Furman strzela z bata (śpiewa)
Gdy furman krzyknie, gdy ryknie
Gdy furman krzyknie, gdy ryknie, hetta hetta!
Gdy furman krzyknie, gdy ryknie
Na wozie jest kobietta, hetta
Krajobrazy 1,2.3.4. (przesuwają się tiptopkami do tyłu, stają dopiero, gdy odpada koło od wozu.)
Kasztelanka: (rozglądając się radośnie na boki)
Tatku tak się cieszę! Wreszcie nadszedł powrót do domu
Mam tyle pomysłów których nie zdradziłam nikomu
Stęskniłam się za rzeką, patrz jak pięknie jej brzegi lasem porosły
Och, a jaki ten dąb przy drodze jest teraz wyniosły
O i już bród.
Witaj Ino, ma rzeko rodzinna
Bystra wodo po kamieniach zwinna!
Furman – Woźnica Drogodziej (śpiewa)
Gdy furman ryknie, gdy krzyknie
Kasztelan jedzie ! hetta hetta
Gdy furman ryknie, gdy krzyknie
Hej z drogi śledzie! hetta hetta
Gdy furman ryknie, gdy krzyknie
Rozstąpi się gromada ada ada
Gdy furman ryknie, gdy krzyknie!
Przed nami bród na Inie, Inie
Gdy furman ryknie, gdy krzyknie
Nikt w rzece nam nie zginie w Inie
Koło 1:
No co on się tak wydziera!
Felgi puchną!
Chyba stąd odjadę!
Koło 3
Oj tam, ładnie śpiewa! Zostań z nami.
Koło 1:
I ta kasztelanka na mój gust za dużo waży.
Za wielkie ma bufory, choć są ci jej do twarzy. ‘
Nie mówię już o kufrze
Nie wytrwam w tej torturze!
Koło 2 i Koło 4
To se jedź!
Myślisz, że sobie bez ciebie rady nie damy?
Ty piąte koło u wozu!
Koło 3
Gdzie dwa koła, tam trzy zdania.
Zostań proszę! Bez gadania.
Koło 1
Dalsza jazda z tymi dwoma już mnie nie zachwyca.
Spadam. Z dawien dawna wkurza mnie już ten woźnica !
(Koło 1 odpada i odturla się w bok od wozu.)
Furman -Woźnica Drogodziej (woła)
Panie koło się urwało, jestem zrozpaczony
Nie pojedziemy dalej, wóz jest przeciążony
Ostrożnie wysiądźcie z drugiej strony wozu
Spróbuję koło uwiązać przy pomocy powrozu
Koła 1, 2, 3, 4,
Baba z wozu, kołom lżej!
(Woźnica męczy się wiele by na nowe przymocować koło, ale nie daje rady unieść wozu, nawet pomoc kasztelana nie wystarcza, więc zrezygnowany siada na poboczu.
Kasztelan chodzi zniecierpliwiony tam i z powrotem, spogląda na niebo, a tu zmierzcha/ lub burza nadciąga.

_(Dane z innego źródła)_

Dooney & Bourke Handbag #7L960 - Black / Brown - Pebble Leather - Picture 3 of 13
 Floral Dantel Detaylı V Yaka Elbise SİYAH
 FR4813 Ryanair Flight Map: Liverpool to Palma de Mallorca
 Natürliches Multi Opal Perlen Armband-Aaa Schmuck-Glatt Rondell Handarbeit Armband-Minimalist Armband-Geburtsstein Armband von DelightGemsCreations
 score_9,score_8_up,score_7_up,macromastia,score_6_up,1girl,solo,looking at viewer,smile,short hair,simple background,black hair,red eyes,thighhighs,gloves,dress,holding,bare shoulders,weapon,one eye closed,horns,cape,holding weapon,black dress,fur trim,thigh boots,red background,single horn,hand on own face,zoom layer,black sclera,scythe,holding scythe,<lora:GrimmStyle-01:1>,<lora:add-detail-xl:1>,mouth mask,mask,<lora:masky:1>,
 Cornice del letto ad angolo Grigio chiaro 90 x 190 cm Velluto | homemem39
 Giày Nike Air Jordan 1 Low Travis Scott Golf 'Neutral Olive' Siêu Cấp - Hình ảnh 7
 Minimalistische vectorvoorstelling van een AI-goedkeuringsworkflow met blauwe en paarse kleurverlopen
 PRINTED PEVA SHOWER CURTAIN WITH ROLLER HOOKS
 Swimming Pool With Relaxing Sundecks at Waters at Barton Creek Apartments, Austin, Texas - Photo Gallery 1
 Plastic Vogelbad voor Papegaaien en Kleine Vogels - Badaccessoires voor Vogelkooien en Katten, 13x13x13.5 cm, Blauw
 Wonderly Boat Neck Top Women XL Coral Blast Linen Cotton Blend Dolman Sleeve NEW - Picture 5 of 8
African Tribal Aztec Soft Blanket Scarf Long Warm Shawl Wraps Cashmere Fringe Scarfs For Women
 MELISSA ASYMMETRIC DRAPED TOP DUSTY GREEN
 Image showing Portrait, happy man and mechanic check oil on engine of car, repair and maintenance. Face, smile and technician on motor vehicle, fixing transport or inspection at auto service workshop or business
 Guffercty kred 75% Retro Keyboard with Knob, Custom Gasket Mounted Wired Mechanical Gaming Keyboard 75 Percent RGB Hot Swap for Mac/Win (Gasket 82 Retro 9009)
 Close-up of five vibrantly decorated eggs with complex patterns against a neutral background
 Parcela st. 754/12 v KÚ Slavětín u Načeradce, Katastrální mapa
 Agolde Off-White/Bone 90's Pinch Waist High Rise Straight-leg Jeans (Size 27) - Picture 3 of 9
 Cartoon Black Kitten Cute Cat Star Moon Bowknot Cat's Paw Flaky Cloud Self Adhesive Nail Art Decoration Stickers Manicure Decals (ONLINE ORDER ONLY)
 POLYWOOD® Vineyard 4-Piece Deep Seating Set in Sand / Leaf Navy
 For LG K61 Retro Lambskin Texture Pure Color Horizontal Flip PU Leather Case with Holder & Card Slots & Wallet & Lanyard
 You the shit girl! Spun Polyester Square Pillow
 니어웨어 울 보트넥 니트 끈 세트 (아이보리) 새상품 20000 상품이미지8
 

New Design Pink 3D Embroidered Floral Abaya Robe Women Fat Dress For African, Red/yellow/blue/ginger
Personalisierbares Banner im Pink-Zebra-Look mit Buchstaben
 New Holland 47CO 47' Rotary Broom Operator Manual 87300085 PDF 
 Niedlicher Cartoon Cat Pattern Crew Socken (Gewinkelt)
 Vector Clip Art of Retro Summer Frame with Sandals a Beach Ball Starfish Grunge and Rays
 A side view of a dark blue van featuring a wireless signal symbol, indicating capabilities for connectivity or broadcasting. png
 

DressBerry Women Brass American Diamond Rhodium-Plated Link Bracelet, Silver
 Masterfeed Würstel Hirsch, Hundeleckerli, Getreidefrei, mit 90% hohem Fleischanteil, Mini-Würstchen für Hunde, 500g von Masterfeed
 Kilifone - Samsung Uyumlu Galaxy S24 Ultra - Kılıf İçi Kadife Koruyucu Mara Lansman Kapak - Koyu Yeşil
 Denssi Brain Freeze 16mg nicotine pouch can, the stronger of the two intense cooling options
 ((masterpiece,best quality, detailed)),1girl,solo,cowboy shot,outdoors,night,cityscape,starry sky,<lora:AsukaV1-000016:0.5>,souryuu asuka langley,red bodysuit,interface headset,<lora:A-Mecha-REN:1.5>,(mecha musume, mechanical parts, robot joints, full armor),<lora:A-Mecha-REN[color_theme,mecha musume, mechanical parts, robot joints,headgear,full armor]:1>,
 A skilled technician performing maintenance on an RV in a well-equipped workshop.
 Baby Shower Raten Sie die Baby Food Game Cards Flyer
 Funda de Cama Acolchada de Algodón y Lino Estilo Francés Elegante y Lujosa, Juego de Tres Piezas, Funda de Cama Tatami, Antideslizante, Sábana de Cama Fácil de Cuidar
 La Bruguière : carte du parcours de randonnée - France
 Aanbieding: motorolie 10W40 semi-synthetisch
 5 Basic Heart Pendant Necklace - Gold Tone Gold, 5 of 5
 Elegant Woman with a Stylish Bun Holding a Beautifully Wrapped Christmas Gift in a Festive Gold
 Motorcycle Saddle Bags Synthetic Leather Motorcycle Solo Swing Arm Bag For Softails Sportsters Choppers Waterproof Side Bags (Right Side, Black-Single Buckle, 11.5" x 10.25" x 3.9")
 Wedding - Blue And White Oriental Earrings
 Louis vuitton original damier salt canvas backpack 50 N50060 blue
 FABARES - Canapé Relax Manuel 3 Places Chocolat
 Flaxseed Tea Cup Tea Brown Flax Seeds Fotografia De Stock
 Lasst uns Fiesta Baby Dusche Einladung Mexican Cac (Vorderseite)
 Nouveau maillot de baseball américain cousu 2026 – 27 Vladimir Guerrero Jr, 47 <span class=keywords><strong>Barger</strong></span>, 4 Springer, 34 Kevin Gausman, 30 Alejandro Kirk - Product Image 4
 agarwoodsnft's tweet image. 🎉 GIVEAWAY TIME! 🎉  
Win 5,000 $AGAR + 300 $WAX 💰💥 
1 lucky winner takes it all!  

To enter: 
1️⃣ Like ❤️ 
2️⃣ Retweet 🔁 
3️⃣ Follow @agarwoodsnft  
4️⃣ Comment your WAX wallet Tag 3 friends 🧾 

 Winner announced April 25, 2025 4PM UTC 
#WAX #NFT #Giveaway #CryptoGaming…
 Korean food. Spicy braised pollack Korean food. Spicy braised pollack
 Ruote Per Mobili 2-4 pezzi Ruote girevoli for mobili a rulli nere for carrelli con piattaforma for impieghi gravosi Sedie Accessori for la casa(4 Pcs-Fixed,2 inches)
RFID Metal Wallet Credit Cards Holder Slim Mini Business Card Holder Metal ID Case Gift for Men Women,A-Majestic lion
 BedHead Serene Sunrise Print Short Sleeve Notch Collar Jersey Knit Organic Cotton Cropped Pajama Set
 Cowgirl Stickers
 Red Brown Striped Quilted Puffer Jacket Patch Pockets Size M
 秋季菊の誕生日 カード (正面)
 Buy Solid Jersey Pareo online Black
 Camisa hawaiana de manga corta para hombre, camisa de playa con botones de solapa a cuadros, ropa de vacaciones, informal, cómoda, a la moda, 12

Woźnica podnosząc wóz stara się ciągnąć za ucho Koło1 i przytroczyć je za szyję powrozem do wozu.)
Woźnica Furman Drogodziej
Chodźże kółko niebożę
Ja cię w rydwan znów włożę
Chór / narrator
Męczy się i męczy dosadnie
Co wóz podniesie, to koło odpadnie
Woźnica Furman Drogodziej mocując się z wozem i kołem
Proszę cię bardzo wskakuj na ośkę
A będę cię pieścił jak miłą mą Zośkę
Chór / narrator
Głaskając czule koło zachęca
Lecz ono nieczułe.
Jak jakaś jędza!
Koło 1
Już nie chcę się toczyć. Bo od urodzenia
Nie mogę się pozbyć tego wrażenia
Żem czworograniaste.
A obwód mój jest kanciasty.
Toczyć nie dla mnie, lecz centrum być mogę stworzenia
Kopernik jak Słońce wpisał mnie w środek istnienia.
Z widoku iżem koliste ?
Kogóż to zwodzi ?
Niech myśl czworościenna mnie wyswobodzi!
Furman-Woźnica Drogodziej
Patrzcie!
Już zbliża się burza gęstnieją chmury
Grzmot grzmotem pogania nieboskłon ponury
Kasztelan chodzi wokół
Chyba obawia się zmroku
Dobrych rad mi udziela
Przydatnych… jak jasna cholera
Kasztelan
Wyżej, wyżej,
nie tak, niżej
W lewo, w prawo,
Bo odezwę się plugawo!
Krak z oddali
Kra, kra, kra
Woźnica:
Zaraz.
Nie dalej jak o stajanie
słuchać donośne krakanie
beczenie owiec, dzwoneczków dźwięki
dochodzą jak z Jezusowej stajenki
Kasztelan
Mościa Panno nasłuchuj uważnie
Beczenie owiec znajduję wyraźnie
I wyłania się zza wzgórza postać dość spora
Jak rak z Ińskiego jeziora
Krak
Kra, kra, kra
Wanda kasztelanka (opowiada do widowni, ukradkiem spoglądając na młodziana z zachwytem)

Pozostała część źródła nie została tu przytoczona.